─── RECORD SET ───
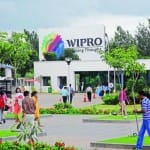 Wipro Q4 profit up 7 percent 
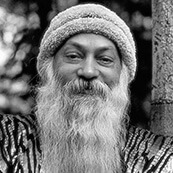 Ошо, цитата о счастье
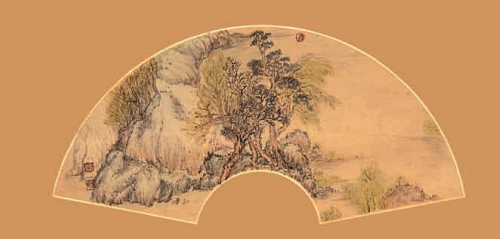 《扇面1》 纸本设色 790×330mm.png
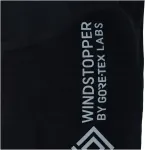Buff Windproof Balaclava Solid, Black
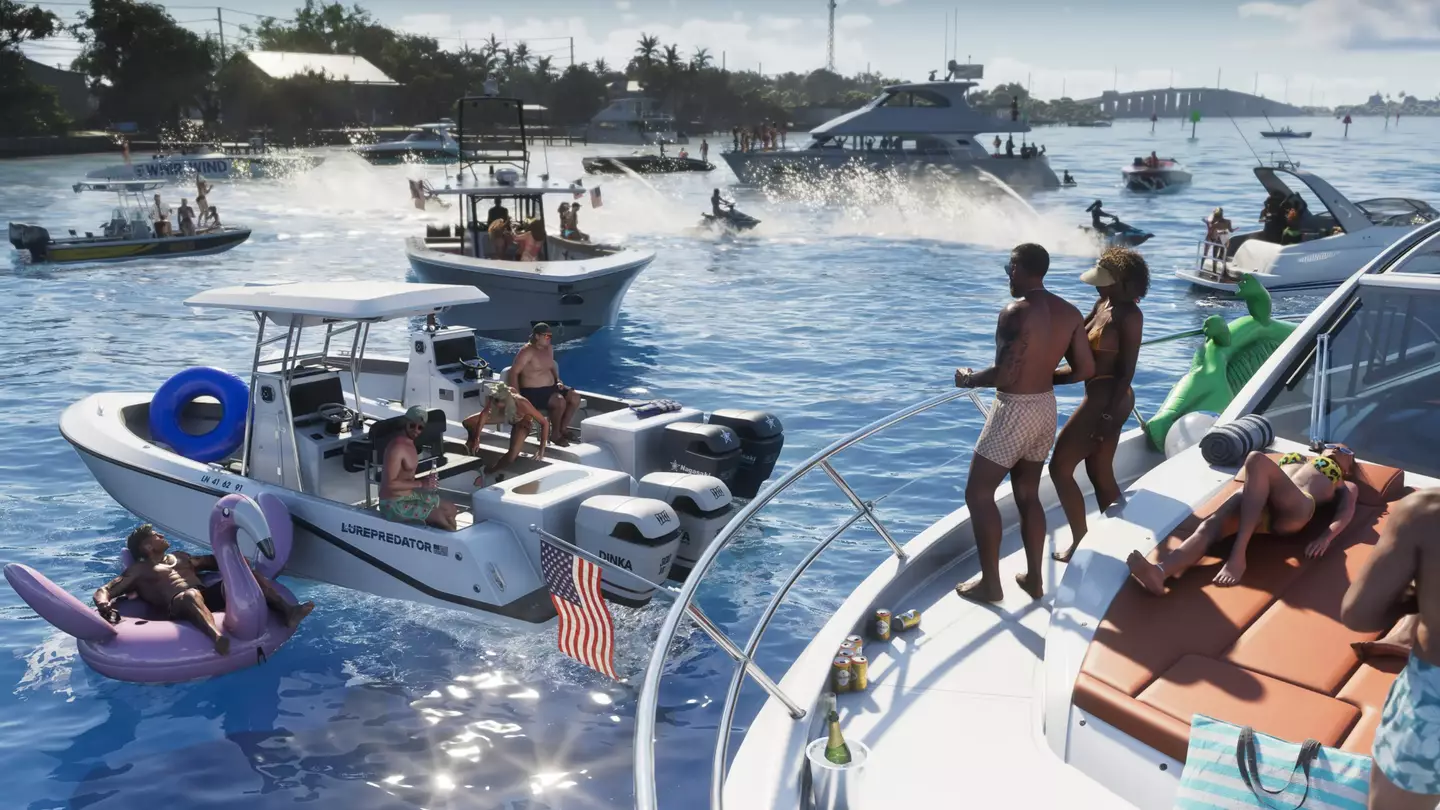 GTA 6 map comparison leaves fans absolutely floored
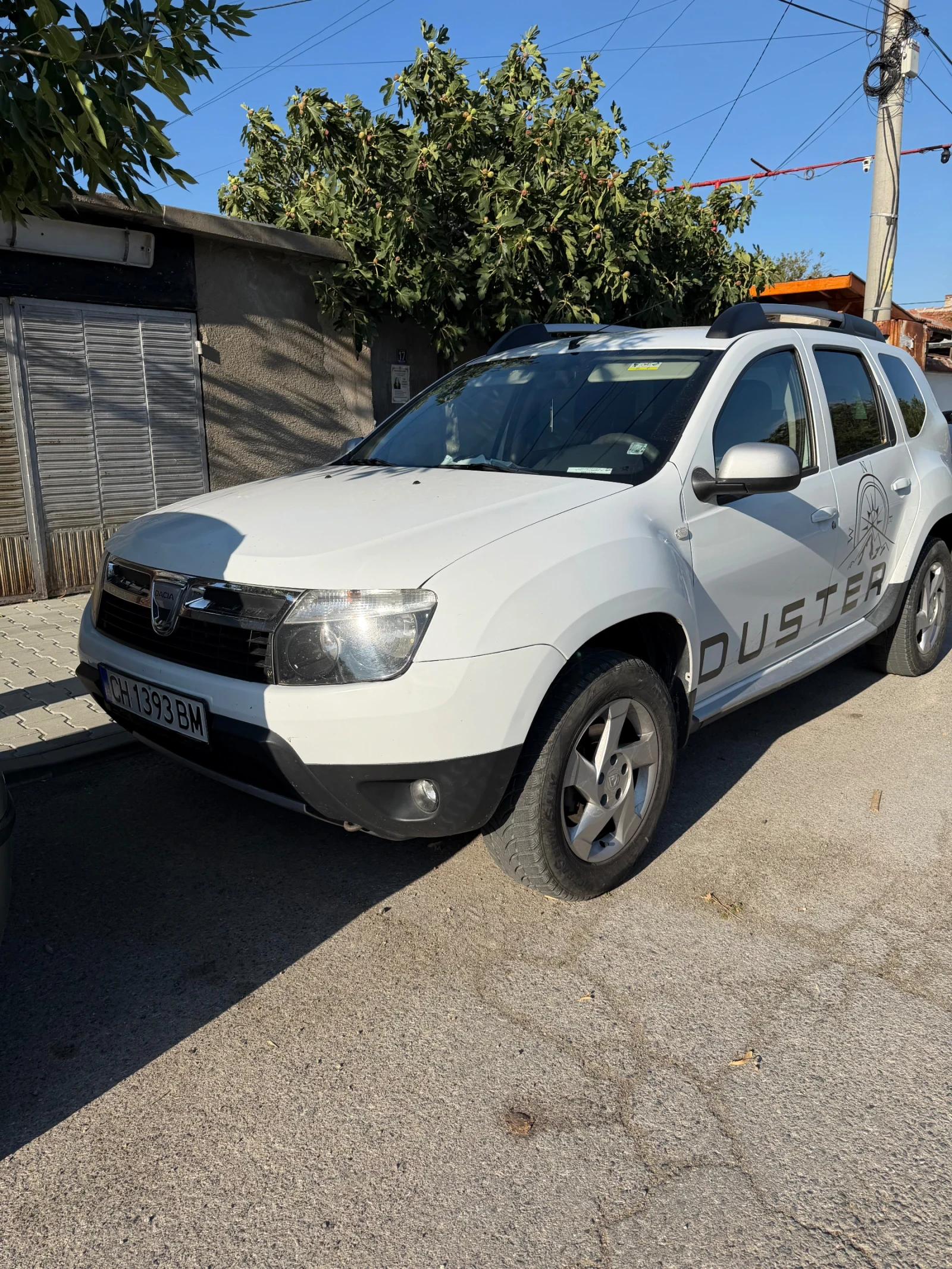 Dacia Duster Dacia Duster 4x4, снимка 5 - Автомобили и джипове - 55970259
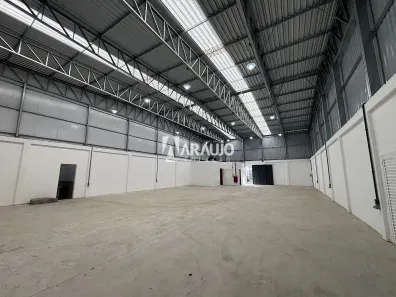 Galpão/Depósito/Armazém para alugar, 400m² no Cordeiros, Itajaí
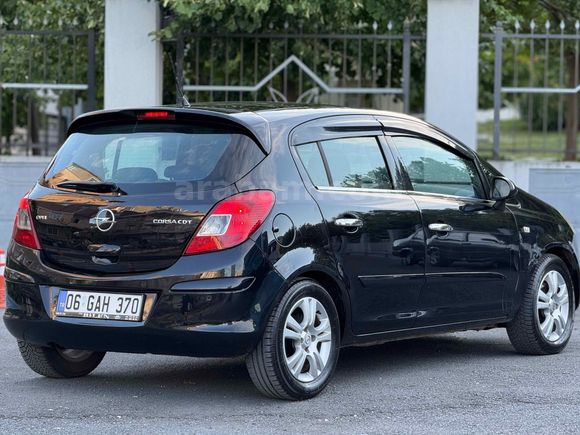 6 İLERİ HATASIZ AYARINDA OPEL CORSA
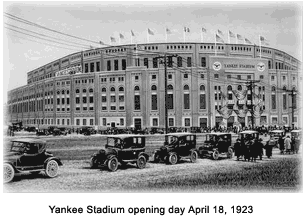 Yankee Stadium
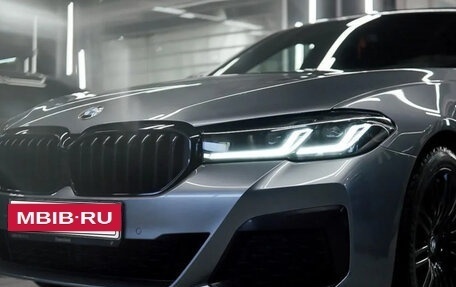 BMW 5 серия, 2020 год, 4 999 900 рублей, 7 фотография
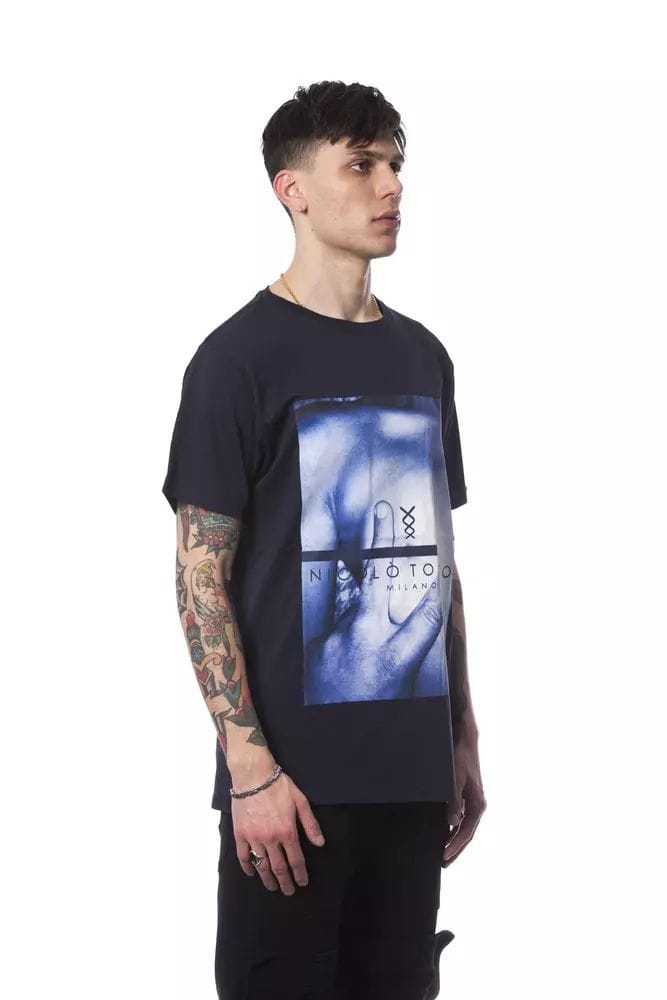 Grafische T-shirt Milano Stijl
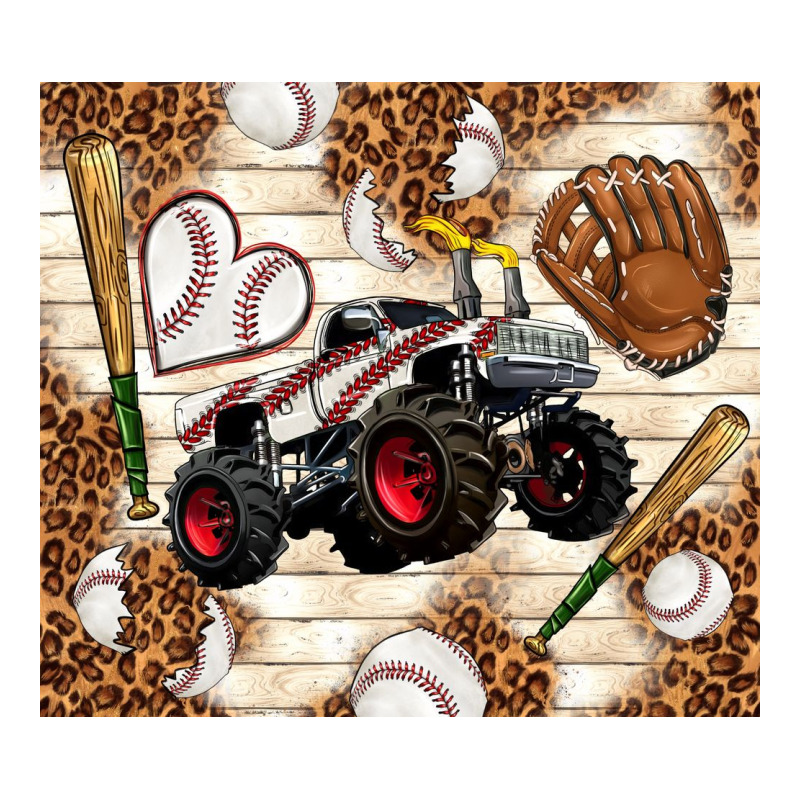 Baseball Crusher Premium Tee by TumblerDesignByShophia | Teevron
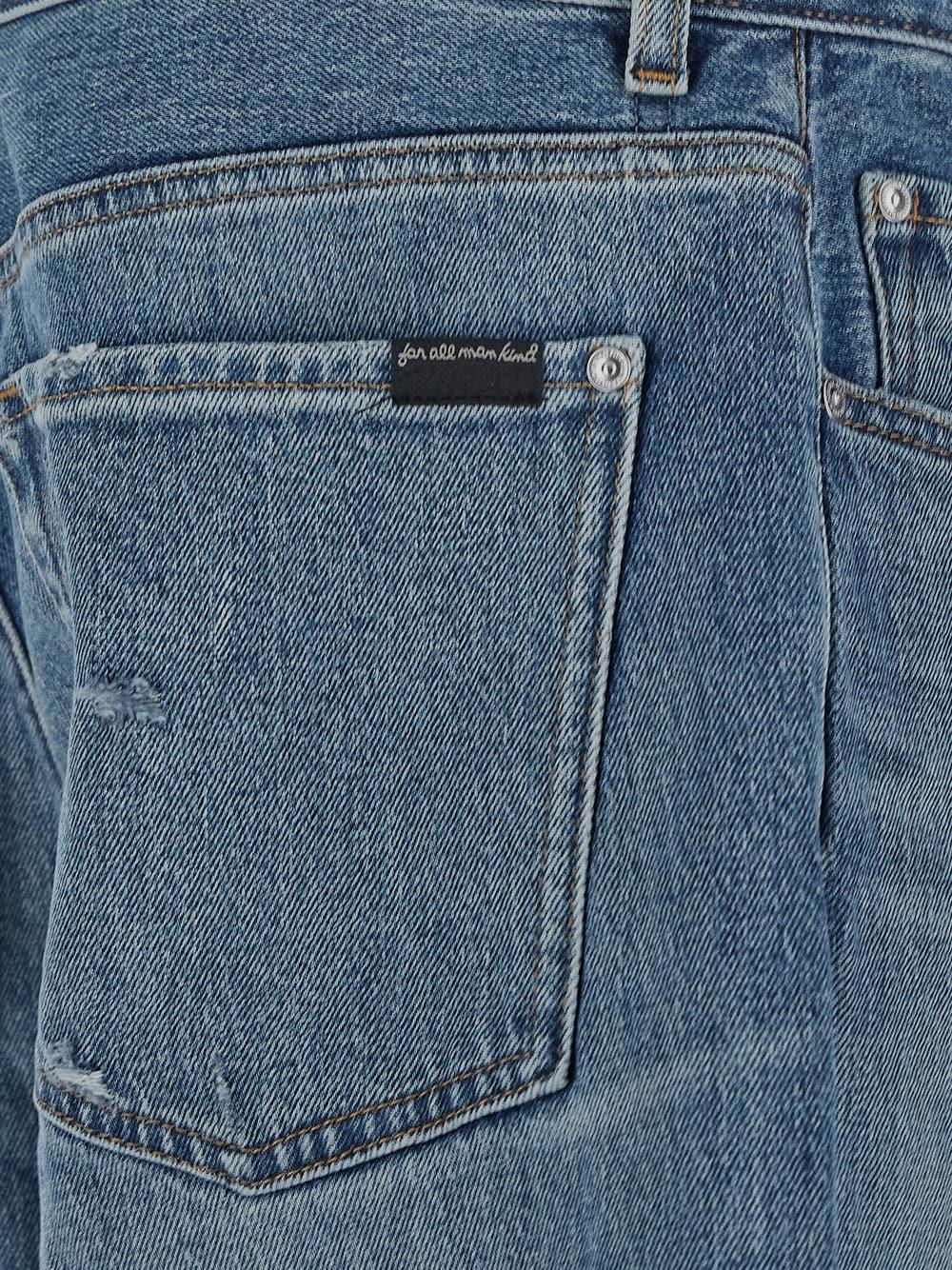 Oluxury 7 For All Mankind Ryan Jeans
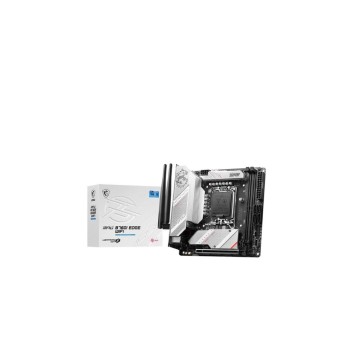 MSI MPG B760I EDGE WIFI, LGA1700, mini-ITX, Intel B760, 2x DDR5, PCI-E 5.0, HDMI, DP MSI MPG B760I EDGE WIFI, LGA1700, mini-ITX, Intel B760, 2x DDR5, PCI-E 5.0, HDMI, DP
───
:: WORK ORDER ::
Each line between the one holding "Yankee Stadium" and the one holding "Oluxury 7 For All Mankind Ryan Jeans", inclusive, should be copied exactly as it appears above, and pictures should be omitted.

:: EXERCISE RESULT ::
 Yankee Stadium
 BMW 5 серия, 2020 год, 4 999 900 рублей, 7 фотография
 Grafische T-shirt Milano Stijl
 Baseball Crusher Premium Tee by TumblerDesignByShophia | Teevron
 Oluxury 7 For All Mankind Ryan Jeans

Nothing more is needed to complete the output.